On måndag, feb 10, 2003, at 23:03 Europe/Stockholm, 
perl5-porters-return-71692-arthur=contiller.se@perl.org wrote:

>
> 50% of the time your function/label/loop/jump is 16 byte aligned.
> 50% of the time your function/label/loop/jump is "randomly" aligned
>
> So, a slight code size change early on in a file can cause the 
> remaining
> functions to ping either onto, or off alignment. Hence later loops in
> completely unrelated code can happen to become optimally aligned, and 
> go
> faster.
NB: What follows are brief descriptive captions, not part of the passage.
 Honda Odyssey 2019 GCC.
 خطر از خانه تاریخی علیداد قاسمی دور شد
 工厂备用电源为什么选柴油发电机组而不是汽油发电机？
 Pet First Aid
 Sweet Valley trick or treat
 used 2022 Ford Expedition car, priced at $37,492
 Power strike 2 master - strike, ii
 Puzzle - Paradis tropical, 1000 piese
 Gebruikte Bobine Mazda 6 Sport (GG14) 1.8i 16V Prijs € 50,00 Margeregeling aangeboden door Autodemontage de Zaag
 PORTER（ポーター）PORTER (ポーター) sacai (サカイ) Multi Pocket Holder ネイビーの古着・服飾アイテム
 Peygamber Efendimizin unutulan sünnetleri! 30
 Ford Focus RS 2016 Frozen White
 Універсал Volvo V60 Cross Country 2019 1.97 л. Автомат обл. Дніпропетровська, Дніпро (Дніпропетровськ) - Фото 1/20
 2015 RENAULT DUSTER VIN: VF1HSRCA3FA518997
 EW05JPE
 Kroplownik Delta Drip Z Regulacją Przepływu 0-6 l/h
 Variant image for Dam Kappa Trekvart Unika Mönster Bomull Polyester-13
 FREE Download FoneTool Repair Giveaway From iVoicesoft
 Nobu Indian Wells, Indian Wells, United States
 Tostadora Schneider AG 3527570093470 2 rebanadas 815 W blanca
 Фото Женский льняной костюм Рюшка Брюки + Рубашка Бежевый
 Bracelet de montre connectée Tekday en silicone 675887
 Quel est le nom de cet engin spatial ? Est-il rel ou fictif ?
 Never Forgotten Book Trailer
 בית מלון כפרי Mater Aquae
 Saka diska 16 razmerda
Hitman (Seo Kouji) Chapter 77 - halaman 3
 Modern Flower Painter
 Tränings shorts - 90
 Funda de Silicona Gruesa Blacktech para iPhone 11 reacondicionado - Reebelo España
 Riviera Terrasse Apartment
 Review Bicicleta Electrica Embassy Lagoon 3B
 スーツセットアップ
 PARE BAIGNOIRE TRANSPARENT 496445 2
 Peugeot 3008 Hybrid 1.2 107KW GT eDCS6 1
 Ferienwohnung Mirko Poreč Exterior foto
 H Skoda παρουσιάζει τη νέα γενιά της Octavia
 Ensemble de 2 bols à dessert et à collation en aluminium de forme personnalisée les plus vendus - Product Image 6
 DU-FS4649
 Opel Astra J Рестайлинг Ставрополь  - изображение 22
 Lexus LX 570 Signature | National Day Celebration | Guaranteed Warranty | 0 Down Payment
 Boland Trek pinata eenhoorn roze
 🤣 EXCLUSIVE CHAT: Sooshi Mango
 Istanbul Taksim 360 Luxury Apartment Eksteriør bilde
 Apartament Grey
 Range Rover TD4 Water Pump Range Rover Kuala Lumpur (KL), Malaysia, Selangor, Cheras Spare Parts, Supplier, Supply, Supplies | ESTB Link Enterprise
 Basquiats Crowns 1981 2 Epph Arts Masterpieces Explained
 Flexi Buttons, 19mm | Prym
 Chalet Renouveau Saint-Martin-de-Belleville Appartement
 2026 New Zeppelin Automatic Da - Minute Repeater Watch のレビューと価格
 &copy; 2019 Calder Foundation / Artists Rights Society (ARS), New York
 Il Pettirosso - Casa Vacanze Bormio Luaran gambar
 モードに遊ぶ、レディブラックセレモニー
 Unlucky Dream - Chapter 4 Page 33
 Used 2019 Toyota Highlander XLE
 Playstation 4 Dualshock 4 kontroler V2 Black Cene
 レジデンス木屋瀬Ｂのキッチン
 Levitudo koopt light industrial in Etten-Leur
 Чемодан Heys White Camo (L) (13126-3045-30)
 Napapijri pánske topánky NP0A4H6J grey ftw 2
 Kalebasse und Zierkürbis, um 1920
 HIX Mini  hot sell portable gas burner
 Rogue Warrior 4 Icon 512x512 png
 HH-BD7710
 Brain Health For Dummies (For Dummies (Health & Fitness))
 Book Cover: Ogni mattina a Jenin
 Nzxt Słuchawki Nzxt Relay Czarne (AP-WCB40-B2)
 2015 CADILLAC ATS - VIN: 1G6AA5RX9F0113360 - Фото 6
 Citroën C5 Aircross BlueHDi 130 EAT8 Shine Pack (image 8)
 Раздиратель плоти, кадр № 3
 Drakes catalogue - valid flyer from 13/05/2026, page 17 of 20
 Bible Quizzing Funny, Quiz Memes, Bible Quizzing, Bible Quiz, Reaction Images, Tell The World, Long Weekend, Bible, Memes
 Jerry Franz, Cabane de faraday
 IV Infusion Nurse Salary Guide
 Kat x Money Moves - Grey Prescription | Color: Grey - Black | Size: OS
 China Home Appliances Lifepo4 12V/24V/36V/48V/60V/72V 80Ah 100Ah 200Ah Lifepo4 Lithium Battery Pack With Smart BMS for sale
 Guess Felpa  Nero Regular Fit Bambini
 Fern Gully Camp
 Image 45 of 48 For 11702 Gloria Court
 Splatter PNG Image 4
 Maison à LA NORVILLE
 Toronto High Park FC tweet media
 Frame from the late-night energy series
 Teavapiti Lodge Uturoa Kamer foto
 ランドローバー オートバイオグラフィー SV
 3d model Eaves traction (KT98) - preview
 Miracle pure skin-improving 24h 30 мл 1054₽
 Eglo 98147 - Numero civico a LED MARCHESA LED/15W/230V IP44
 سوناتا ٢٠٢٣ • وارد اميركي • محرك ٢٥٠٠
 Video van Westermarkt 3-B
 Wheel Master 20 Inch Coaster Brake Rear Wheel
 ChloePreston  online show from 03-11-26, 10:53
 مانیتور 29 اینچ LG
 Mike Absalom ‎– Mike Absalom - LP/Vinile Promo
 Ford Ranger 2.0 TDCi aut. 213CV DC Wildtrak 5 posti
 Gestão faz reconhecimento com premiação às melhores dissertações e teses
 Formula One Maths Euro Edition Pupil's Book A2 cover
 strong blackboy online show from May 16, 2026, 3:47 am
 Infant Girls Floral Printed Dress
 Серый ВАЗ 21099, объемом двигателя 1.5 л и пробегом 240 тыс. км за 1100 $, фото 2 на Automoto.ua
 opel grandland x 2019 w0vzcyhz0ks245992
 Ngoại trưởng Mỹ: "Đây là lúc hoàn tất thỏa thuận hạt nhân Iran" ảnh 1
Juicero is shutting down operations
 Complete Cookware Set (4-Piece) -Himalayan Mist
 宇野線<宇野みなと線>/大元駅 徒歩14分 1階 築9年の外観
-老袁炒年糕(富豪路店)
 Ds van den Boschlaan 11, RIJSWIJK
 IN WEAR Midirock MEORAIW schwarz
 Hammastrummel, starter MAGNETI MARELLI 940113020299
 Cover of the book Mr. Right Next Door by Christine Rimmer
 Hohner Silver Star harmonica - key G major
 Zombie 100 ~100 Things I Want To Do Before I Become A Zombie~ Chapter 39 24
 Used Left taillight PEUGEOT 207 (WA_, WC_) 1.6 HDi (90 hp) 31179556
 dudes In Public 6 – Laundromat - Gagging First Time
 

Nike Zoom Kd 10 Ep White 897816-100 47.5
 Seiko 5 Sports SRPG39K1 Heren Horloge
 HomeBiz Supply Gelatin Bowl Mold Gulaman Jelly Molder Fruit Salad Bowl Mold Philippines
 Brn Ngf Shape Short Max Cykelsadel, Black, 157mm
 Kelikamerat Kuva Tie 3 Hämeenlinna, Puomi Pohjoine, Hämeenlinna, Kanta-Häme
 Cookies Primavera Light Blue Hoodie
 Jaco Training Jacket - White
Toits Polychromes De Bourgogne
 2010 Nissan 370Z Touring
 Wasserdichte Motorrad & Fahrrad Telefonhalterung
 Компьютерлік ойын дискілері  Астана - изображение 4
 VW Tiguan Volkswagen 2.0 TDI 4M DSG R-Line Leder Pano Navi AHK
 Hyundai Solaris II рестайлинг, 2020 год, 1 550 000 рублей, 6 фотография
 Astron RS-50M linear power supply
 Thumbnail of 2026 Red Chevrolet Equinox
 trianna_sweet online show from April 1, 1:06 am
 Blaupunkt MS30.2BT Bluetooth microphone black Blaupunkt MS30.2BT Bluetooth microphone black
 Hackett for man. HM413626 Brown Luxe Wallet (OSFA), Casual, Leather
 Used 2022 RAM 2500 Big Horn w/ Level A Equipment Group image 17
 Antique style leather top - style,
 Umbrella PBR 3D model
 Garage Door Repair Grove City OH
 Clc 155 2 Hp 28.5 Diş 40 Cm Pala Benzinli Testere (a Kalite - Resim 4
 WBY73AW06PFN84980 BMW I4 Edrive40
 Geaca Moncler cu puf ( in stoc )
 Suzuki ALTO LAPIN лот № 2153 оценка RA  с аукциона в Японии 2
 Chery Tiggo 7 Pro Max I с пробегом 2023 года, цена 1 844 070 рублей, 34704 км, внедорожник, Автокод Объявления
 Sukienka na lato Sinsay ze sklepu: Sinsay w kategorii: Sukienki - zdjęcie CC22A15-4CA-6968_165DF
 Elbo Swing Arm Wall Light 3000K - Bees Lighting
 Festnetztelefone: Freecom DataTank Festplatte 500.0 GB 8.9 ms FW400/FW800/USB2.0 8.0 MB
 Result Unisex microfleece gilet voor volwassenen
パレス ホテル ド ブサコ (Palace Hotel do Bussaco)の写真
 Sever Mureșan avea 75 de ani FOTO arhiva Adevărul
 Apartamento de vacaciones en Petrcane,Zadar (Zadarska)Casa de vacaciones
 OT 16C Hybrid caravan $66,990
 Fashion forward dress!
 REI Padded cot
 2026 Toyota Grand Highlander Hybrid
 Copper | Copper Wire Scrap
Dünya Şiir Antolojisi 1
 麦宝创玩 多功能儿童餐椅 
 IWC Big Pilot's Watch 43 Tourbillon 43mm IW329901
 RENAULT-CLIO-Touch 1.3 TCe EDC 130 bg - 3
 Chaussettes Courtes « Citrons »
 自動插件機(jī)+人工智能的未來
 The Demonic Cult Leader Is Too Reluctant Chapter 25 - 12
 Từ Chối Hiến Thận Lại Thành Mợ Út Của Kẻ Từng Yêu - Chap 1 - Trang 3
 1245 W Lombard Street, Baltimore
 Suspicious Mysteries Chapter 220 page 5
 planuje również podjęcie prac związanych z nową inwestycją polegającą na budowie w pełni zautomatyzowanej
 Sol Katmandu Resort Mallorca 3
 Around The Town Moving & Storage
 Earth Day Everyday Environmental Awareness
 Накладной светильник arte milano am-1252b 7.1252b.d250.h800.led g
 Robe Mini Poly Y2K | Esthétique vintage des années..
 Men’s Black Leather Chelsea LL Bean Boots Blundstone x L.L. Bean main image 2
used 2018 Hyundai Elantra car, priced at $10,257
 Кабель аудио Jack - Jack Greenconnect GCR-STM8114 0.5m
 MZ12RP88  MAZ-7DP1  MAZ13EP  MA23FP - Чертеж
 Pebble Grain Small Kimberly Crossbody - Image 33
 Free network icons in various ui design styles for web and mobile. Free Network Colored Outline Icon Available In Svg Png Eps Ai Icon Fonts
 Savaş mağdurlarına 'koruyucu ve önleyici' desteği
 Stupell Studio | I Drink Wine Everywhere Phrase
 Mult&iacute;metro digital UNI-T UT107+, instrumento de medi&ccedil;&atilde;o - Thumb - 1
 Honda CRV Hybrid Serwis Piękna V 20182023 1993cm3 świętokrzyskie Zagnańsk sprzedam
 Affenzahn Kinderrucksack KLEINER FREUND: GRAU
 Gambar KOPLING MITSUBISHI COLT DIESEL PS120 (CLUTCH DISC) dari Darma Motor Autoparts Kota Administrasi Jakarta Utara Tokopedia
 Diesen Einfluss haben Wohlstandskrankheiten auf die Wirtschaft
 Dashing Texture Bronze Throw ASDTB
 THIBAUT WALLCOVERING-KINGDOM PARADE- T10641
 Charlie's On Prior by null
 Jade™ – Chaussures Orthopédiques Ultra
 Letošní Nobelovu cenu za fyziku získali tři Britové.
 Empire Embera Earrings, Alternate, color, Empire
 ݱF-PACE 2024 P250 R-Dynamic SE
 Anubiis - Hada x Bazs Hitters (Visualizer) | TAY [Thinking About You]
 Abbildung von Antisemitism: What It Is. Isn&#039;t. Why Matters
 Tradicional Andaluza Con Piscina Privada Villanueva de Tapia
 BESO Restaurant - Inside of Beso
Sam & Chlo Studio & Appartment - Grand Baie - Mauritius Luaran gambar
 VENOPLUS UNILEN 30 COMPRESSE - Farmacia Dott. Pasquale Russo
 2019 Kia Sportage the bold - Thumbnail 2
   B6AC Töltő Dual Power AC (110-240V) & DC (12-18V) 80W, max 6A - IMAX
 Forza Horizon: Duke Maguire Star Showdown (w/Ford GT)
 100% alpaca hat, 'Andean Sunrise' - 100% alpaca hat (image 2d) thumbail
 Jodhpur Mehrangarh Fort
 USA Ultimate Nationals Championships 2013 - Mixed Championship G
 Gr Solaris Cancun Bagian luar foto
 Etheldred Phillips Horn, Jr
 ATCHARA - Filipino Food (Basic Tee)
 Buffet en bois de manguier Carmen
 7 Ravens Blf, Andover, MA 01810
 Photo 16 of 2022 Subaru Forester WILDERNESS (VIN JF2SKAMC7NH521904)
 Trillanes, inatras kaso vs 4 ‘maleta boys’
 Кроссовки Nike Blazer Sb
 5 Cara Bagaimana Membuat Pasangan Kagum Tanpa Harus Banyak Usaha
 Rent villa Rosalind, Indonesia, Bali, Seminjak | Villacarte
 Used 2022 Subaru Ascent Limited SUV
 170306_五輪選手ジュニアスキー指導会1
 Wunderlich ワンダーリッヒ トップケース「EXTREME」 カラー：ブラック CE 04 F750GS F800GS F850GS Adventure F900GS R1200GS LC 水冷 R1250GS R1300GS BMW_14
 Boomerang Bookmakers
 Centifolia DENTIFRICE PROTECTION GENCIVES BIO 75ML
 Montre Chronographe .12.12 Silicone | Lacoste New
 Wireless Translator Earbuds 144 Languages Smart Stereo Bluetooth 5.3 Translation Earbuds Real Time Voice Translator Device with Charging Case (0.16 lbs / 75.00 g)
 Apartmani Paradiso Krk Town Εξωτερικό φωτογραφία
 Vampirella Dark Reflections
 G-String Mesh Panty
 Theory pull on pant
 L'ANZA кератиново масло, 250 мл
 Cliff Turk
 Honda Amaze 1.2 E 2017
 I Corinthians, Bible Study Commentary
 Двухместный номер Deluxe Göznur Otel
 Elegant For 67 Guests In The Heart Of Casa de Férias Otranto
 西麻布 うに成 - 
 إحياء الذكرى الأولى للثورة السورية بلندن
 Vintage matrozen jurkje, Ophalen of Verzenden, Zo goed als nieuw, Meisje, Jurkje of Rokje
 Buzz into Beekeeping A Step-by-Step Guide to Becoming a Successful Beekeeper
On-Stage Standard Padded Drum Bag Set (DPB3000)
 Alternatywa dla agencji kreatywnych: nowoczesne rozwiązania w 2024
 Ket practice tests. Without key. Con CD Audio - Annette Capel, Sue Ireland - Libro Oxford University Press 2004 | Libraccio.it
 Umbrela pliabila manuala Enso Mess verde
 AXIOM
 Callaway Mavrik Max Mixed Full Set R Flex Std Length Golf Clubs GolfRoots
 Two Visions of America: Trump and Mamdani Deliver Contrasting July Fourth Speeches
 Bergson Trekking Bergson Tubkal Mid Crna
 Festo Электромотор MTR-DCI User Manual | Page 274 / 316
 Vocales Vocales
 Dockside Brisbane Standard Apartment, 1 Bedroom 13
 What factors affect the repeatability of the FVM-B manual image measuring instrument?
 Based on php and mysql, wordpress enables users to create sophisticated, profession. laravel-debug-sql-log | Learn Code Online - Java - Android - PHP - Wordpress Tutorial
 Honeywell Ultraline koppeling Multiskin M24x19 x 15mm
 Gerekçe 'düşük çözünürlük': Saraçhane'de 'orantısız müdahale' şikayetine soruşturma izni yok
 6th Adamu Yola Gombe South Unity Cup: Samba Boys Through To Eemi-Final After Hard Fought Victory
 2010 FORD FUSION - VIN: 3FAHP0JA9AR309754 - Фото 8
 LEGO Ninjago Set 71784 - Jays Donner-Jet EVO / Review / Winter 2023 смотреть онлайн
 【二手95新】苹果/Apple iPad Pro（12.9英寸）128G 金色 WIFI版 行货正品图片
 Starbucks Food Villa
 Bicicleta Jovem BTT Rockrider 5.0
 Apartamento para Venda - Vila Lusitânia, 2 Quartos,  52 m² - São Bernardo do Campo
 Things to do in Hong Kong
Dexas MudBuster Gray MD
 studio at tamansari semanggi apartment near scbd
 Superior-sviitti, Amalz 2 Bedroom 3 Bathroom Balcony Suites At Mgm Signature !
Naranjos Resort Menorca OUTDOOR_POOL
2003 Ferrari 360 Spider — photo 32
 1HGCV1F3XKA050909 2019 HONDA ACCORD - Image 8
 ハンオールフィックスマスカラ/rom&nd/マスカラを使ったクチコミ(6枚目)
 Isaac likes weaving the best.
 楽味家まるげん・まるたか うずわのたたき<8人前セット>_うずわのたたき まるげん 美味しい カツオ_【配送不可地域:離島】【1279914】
And similarly other loops which were optimally aligned will now
> go unaligned, and go more slowly.
>
> This is probably the right default for the general case, but it is
> counterproductive for benchmarking small code changes. So on gcc 2.95 
> I'm
> compiling with:
>
> -O -malign-loops=3 -malign-jumps=3 -malign-functions=3 
> -mpreferred-stack-boundary=3 -march=i686
>
> (thats 2**3, ie 8)
>
> and on gcc 3.2 on a different machine:
> -O3 -falign-loops=16 -falign-jumps=16 -falign-functions=16 
> -mpreferred-stack-boundary=3 -march=i586
>

Does compiling with these settings make general perl faster?